For some reason that is a mystery to me, a couple of months ago, this pair of shoes suddenly began to emit this musty odor.  Almost like the odor of a stinkbug.  both shoes.

they've never been wet, not even damp (I have reserved my other already beat up shoes for such situations)

Have tried airing them in the sun and etc., but it persists.

Ideas, suggestions?


----------



## fossil (Jun 8, 2012)

I think I'd give the Odor Eater latex/charcoal insoles a try.  They don't cost much, and they just might work.  But then, I've never used them, so I'm guessing.  Failing that, I might take the question right to Red Wing.  Rick


----------



## BrotherBart (Jun 8, 2012)

I would contact customer service. I know with the American made Allen Edmonds dress shoes I so loved to wear when I was working I had a small problem and contacted them. All they wanted to know was the shipping address to send the new ones to.

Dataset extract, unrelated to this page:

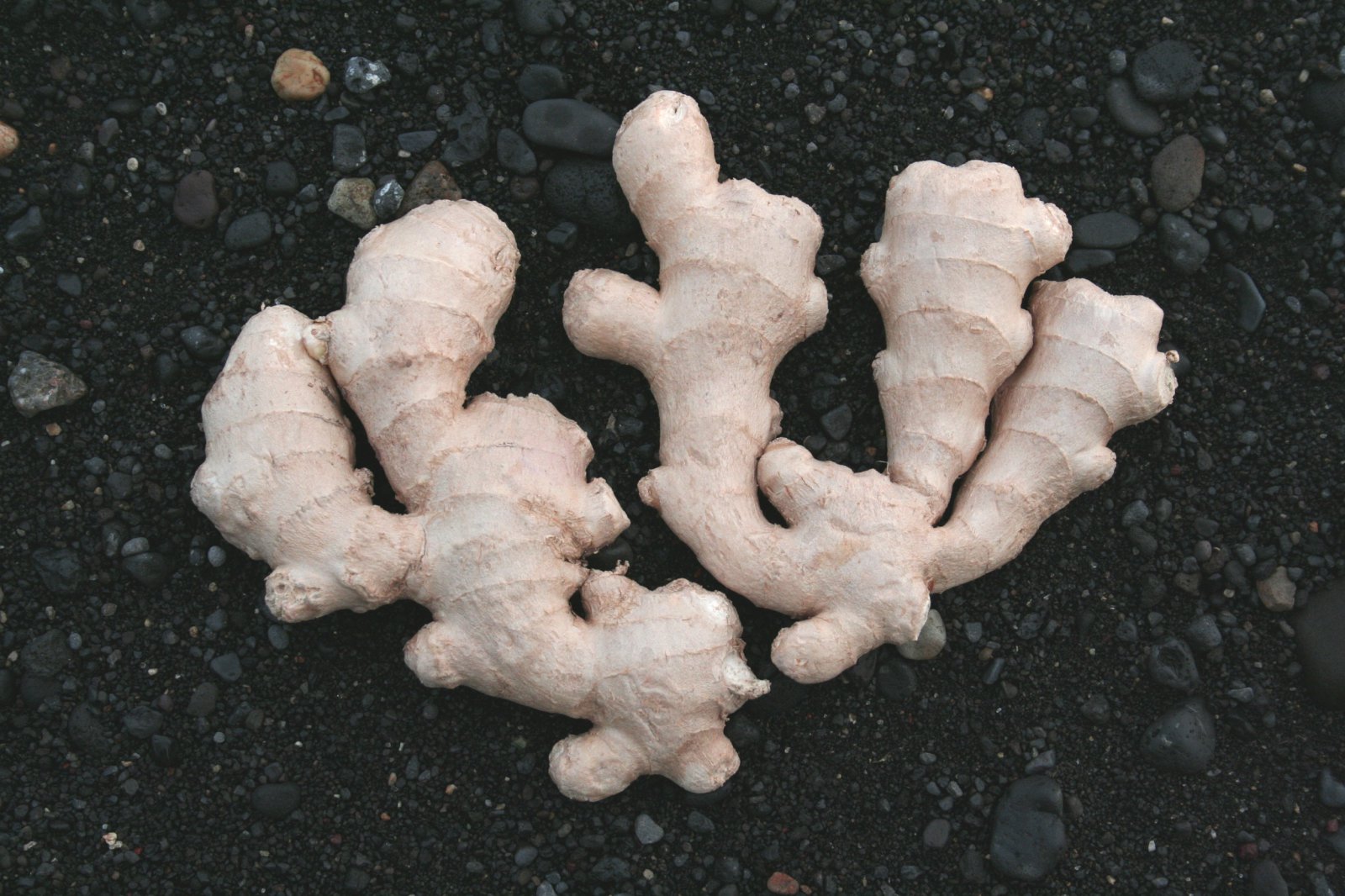 Hinn elskulegi engifer  og &#250;t&#250;rd&#250;r um enskan biskup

http://www.redwingshoes.com/customer-service


----------



## Hogwildz (Jun 8, 2012)

Wash you feet once in a while..................


----------



## fossil (Jun 8, 2012)

Hogwildz said:


> Wash you feet once in a while..................


 
  Cut your hair once in a while...     (Sez the guy who wore a pony tail for ten years after retirement  )


----------



## pybyr (Jun 8, 2012)

BrotherBart said:


> I would contact customer service. I know with the American made Allen Edmonds dress shoes I so loved to wear when I was working I had a small problem and contacted them. All they wanted to know was the shipping address to send the new ones to.
> 
> http://www.redwingshoes.com/customer-service


 
Makes sense.  Thanks.  My favorite pair of boots are a pair of US made RedWings that I received as a hand-me down from a relative when the boots were already 5+/- years old, and I've had them for something like 6 years now.  Soles are still good and they're the most comfortable shoes I have ever worn.  They wear like iron, have good traction even though they don't have lugged soles, and are as comfy as slippers.


----------



## Hogwildz (Jun 8, 2012)

fossil said:


> Cut your hair once in a while...   (Sez the guy who wore a pony tail for ten years after retirement )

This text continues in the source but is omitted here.